The Seimas begins discussions on how to stimulate competition in the natural gas market and increase the liquidity of the gas market.
The Seimas adopted amendments to the three laws – the LNG terminal, the heat and energy market on Thursday, after December 11 – and will continue to consider them on December 11.
It is proposed to abolish the obligation of large-regulated energy producers to buy gas from the import company "Litgas" as a matter of priority to charge them to buy part of the gas on the stock exchange.
Manufacturers, consuming 50 GWh or more gases per year, will have to purchase at least half of them by the Baltic GET.

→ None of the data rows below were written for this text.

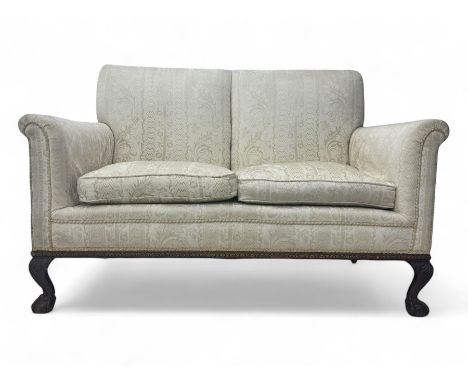 Early 20th century mahogany framed two-seat sofa, upholstered in pale fabric decorated with scrolling foliage, on acanthus ca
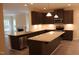 Modern kitchen featuring granite counters, stainless steel appliances, and a center island for enhanced food preparation at 1414 Reading Ct # 91Kl, Burlington, NC 27217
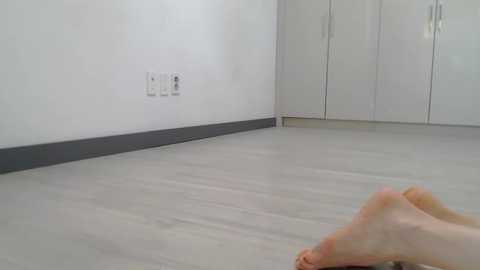 Media: Video of a minimalist, bright room with a white wall, light grey floor, and a pair of bare feet lying on the floor.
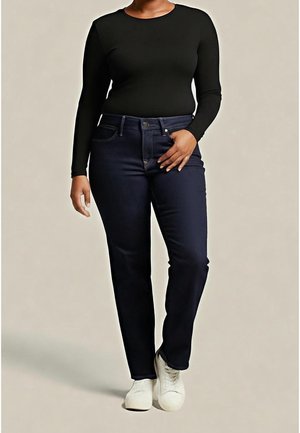 Woman wearing a black long-sleeve top, dark blue jeans, and white shoes standing against a plain light background.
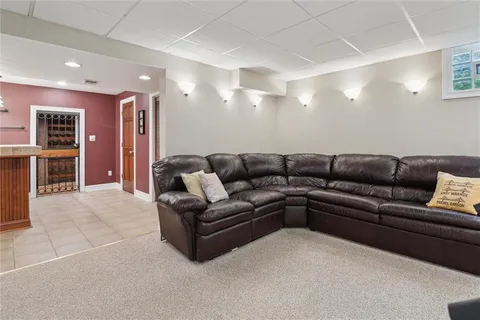 a living room with furniture and kitchen view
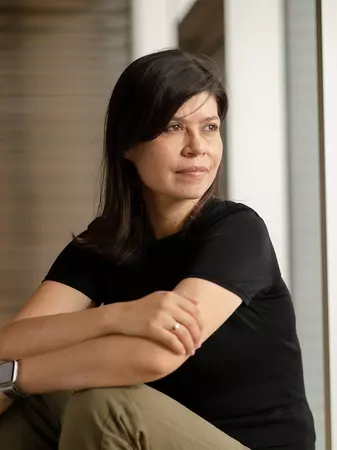 Picture of Martha Balaguera sitting by a window wearing black shirt.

Yygimantas Vaičinnas, the Minister of Energy, said that "LITGAS" will continue to be obliged to purchase the required amount of gas – 4 LNG cargo per year – to maintain the terminal, but will be able to market it on the market basis in the Lithuanian market, regional or international LNG in the most economically viable manner.
The LNG price sold by the terminal will be unregulated, according to the new model, and the costs of operating and balancing activity, gas exchange and storage will no longer be compensated, and will have to cover their business from income.
He also announced that, by improving the sales model of LNG terminal, 6 million liters from around 20 million euros. Up to 14 million USD – the additional security component for gas consumers will decrease during the year.
According to him, the second advantage is that over the years the liquidity of Lithuanian gas exchange and the volume of trading will increase 4-fold.
"A more active trade in the gas exchange will significantly facilitate the entry of new suppliers into the Lithuanian gas market," the minister explained.
In the context of the EU, the Lithuanian gas market is classified as lacking liquidity and at the initial development level.